Start of Block

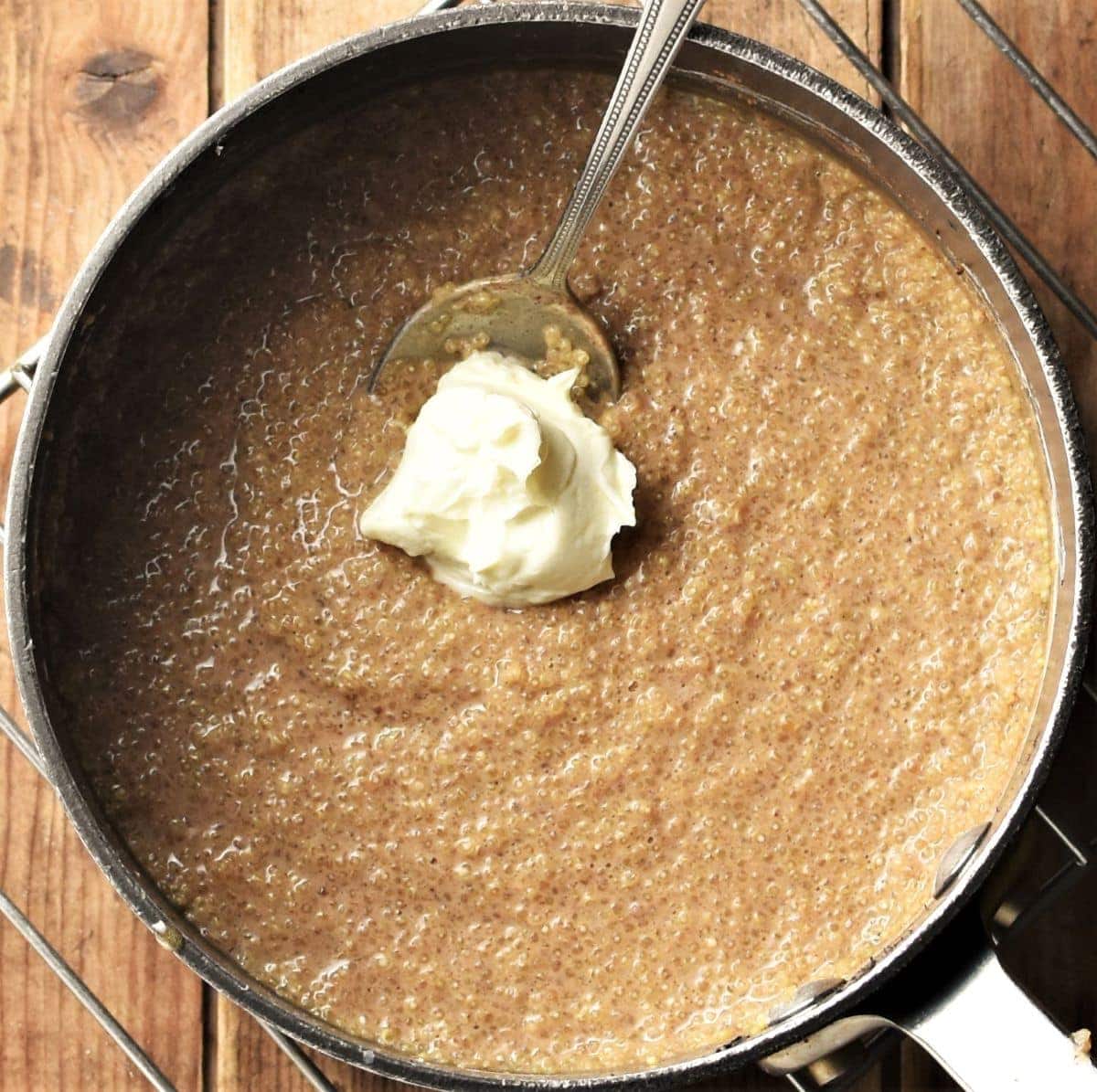 Creamy quinoa pudding with dollop of mascarpone in pot with spoon.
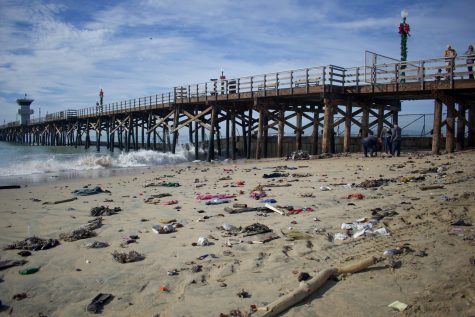Garbage and plastic are scattered along Seal Beach after high tides on Saturday morning.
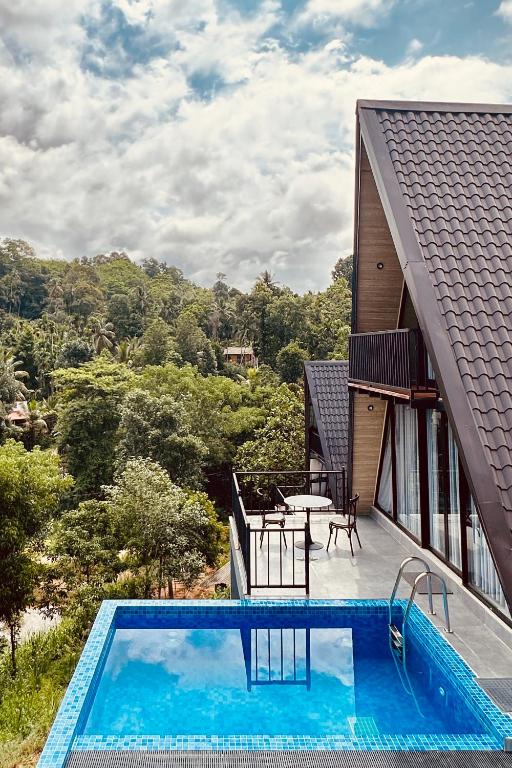 a view of a house with a swimming pool at Bherunda Mount Resort in Kegalle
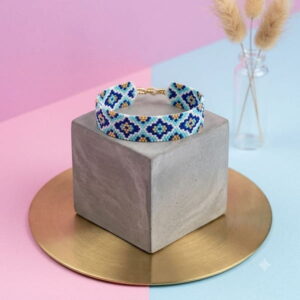 Blue mosaic pattern beaded bracelet displayed on a grey concrete cube and gold-toned tray.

End of Block

** What to produce **
Copy the material exactly as written and leave every picture behind.

** Output **
 Creamy quinoa pudding with dollop of mascarpone in pot with spoon.
Garbage and plastic are scattered along Seal Beach after high tides on Saturday morning.
 a view of a house with a swimming pool at Bherunda Mount Resort in Kegalle
 Blue mosaic pattern beaded bracelet displayed on a grey concrete cube and gold-toned tray.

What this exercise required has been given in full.